[Items from a data source]
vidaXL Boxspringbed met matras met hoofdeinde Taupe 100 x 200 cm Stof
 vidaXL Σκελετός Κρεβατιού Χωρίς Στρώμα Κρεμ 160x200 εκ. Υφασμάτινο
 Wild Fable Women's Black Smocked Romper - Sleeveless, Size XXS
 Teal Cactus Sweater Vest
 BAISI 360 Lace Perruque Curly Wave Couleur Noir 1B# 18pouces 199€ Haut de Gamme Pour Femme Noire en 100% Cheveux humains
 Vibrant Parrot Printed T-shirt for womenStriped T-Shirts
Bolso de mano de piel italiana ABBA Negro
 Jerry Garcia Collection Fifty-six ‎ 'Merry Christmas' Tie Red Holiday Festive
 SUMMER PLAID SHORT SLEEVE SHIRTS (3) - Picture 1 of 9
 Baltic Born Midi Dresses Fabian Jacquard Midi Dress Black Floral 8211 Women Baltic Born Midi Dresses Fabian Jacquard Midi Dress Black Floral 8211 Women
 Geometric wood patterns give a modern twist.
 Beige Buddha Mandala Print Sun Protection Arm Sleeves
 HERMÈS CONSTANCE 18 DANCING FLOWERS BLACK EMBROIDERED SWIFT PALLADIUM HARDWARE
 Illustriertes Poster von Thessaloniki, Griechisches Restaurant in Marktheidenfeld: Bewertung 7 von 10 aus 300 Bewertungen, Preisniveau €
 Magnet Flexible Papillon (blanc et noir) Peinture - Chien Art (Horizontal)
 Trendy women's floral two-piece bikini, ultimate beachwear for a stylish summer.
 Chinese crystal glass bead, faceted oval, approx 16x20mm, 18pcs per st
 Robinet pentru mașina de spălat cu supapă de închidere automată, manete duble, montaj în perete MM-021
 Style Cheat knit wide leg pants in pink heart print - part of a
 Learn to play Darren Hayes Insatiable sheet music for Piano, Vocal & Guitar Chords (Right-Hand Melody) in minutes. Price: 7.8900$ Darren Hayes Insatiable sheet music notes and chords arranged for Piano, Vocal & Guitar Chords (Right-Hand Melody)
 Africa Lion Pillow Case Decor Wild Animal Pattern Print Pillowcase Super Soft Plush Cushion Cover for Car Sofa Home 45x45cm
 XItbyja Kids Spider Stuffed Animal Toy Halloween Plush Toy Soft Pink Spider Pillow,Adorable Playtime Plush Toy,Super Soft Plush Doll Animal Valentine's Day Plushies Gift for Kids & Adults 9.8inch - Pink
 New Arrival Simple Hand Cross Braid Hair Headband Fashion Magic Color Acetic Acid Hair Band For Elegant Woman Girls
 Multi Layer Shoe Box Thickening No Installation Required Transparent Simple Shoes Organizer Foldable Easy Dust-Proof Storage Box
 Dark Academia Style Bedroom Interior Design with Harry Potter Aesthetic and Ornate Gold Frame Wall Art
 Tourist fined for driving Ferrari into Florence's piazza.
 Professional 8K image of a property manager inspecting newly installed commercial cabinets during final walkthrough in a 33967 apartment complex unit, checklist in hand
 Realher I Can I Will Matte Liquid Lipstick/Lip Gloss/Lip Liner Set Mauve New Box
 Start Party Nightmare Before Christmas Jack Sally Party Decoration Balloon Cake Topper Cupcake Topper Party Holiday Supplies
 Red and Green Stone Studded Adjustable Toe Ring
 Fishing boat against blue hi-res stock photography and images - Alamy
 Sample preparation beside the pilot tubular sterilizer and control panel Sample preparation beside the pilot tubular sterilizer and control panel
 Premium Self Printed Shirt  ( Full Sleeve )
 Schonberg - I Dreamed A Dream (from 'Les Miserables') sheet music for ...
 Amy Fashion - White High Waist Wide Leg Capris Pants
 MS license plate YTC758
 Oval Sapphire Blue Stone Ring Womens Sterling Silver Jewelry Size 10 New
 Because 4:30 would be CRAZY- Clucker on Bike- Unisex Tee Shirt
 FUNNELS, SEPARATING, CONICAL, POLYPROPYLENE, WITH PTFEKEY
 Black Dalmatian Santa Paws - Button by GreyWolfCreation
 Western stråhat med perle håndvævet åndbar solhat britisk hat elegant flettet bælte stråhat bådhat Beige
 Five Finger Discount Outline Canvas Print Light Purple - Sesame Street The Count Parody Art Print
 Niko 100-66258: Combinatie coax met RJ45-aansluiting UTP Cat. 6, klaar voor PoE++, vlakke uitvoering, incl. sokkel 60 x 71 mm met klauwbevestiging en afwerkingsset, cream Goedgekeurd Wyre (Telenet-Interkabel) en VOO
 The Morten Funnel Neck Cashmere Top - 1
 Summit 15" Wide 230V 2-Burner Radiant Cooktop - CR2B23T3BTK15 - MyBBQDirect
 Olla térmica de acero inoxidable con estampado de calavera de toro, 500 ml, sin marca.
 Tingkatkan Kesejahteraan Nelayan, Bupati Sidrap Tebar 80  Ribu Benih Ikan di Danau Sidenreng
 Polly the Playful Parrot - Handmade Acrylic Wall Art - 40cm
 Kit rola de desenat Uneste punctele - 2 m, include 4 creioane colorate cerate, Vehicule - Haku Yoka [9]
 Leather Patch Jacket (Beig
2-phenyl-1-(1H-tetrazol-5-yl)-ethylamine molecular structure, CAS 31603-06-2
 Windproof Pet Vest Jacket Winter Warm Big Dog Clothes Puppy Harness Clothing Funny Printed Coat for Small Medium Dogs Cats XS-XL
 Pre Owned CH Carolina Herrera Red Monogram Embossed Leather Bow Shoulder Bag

> _Exercise_
From the entries above, give again exactly the lines running from the line with "Dark Academia Style" to the line with "Professional 8K image"; include both of those lines.

> _Task solution_
 Dark Academia Style Bedroom Interior Design with Harry Potter Aesthetic and Ornate Gold Frame Wall Art
 Tourist fined for driving Ferrari into Florence's piazza.
 Professional 8K image of a property manager inspecting newly installed commercial cabinets during final walkthrough in a 33967 apartment complex unit, checklist in hand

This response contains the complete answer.